Wednesday, December 21, 2022

Db2 13 for z/OS: Setting Lock Timeout Limit and Deadlock Priority at the Application Level

Db2 13 for z/OS, which became generally available about seven months ago, introduced two interesting features that are similar in some ways but differ in one important aspect (about which I'll comment momentarily). These new features allow an application (or, more broadly, a "process") to set its own lock timeout limit and/or its own deadlock priority. With this blog entry I aim to provide related information that will be useful for you.

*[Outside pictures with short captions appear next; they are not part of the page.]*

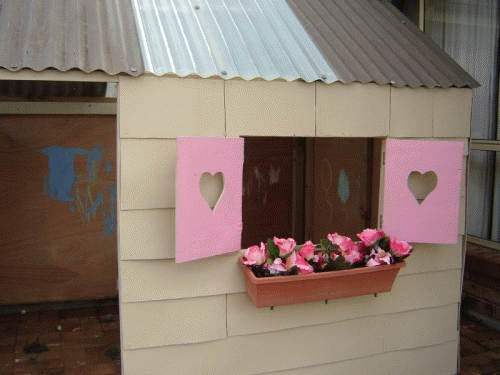 Homemade Cubby House
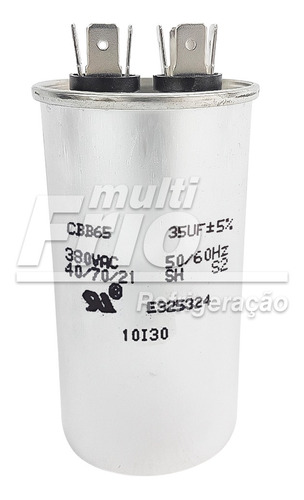 Capacitor Permanente Ar Condicionado 35uf 380v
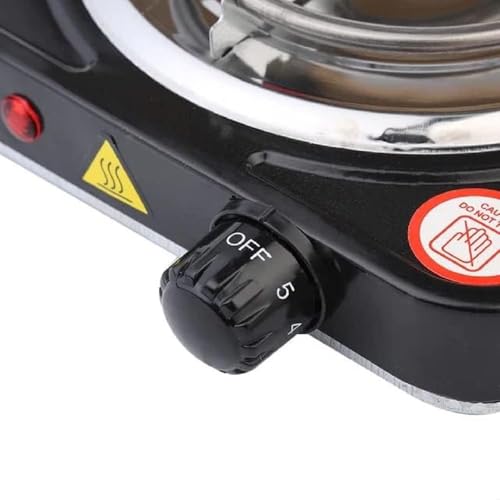 Image of Electric Coil 1000W Charcoal Burner | Multipurpose Mini Electric Hot Plate | Coal Burner | Small Charcoal Plate | Travel Coal Heater Sigdi for Home and Hostel (1000W-Variable)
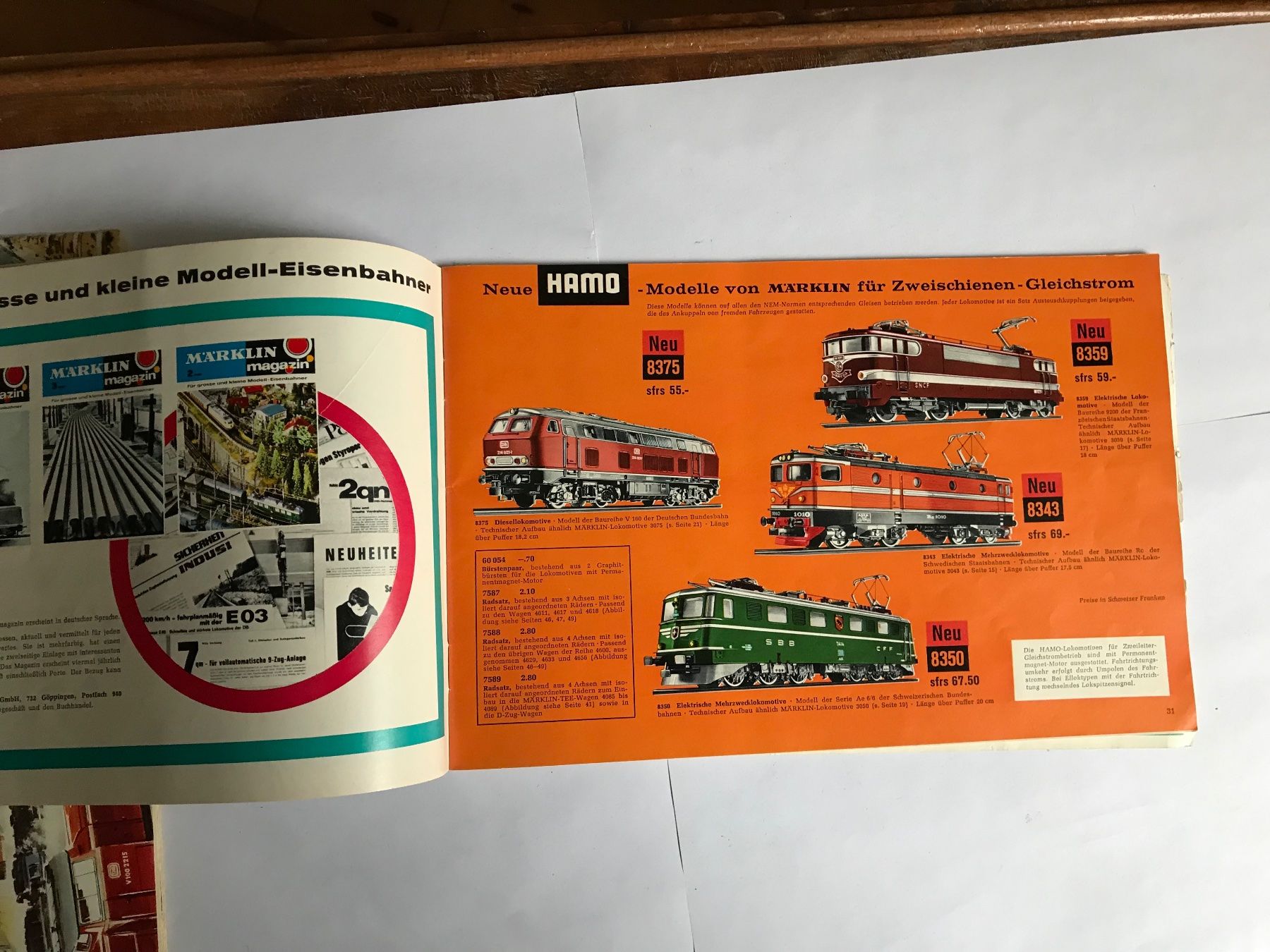 Märklin Modellini di ferrovie: märklin katalog 1968/69 – Usato da liestal venduto da makai05 3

Application-level lock timeout

First, let's establish the need for this Db2 13 enhancement. Historically, there has been one lock timeout limit - specified via the IRLMRWT parameter in ZPARM - that applies to all processes interacting with a Db2 subsystem. While IRLMRWT is still there in a Db2 13 environment, it became apparent some time ago that "one size fits all" will often NOT be ideal when it comes to lock timeout in a Db2 system. Think about it. Suppose the value of IRLMRWT is at the default of 30 seconds for a production Db2 system at your site. You might have a developer of a Db2-accessing online application say, "What? NO! This app has a mobile front-end and users can get VERY frustrated if they have to wait more than a few seconds for a transaction to complete. It would be TERRIBLE to have a transaction sit and wait for 30 seconds to get a Db2 lock. We need the lock timeout value to be WAY lower than 30 seconds." At the same time, a developer of a long-running batch application might say, "What? NO! This job HAS to complete once it gets started or we miss SLAs and have angry customers. The job typically runs for five hours, and maybe it's been running for four hours and you want to time it out because it's been waiting for a lock for 30 seconds? 30 seconds is NOTHING as far as this job's concerned. The Db2 lock timeout value should be SUBSTANTIALLY greater than 30 seconds." Both of the developers are expressing legit concerns. How can those disparate concerns be addressed?

They can be addressed via the new (with Db2 13) special register named CURRENT LOCK TIMEOUT (available for use when Db2 13 function level 500 has been activated). Here are some things to know about CURRENT LOCK TIMEOUT:

  • The value of the special register - expressed in seconds - can be anything between -1 and 32767 (or a site-specified upper bound - see the next item in this list). A value if -1 means that the process will not be timed out if it ends up waiting for a lock - it will wait until it gets the requested lock or becomes deadlocked with some other process. A value of 0 means that the process does not want to wait at all for a lock - it wants to get an error message if a requested lock can't be obtained immediately (this basically makes available for application use a formerly Db2-internal mechanism known as a conditional lock request).
  • If the default upper-limit value of 32767 seconds is deemed by a Db2-using organization to be too high, a different max value can be provided via the new (with Db2 13) ZPARM parameter SPREG_LOCK_TIMEOUT_MAX. If you set that value to (for example) 1800, no process will be able to set the CURRENT LOCK TIMEOUT special register to a value greater than 1800 seconds.
  • If a lock timeout occurs and an application-level timeout limit was in effect for the lock requester and/or for the lock holder, that will be reflected in the information provided via the DSNT376I lock timeout message generated by Db2.
  • The value of the CURRENT LOCK TIMEOUT special register can be set automatically for an application by way of the Db2 profile tables, and not just for DDF-using applications (more information on this is provided below).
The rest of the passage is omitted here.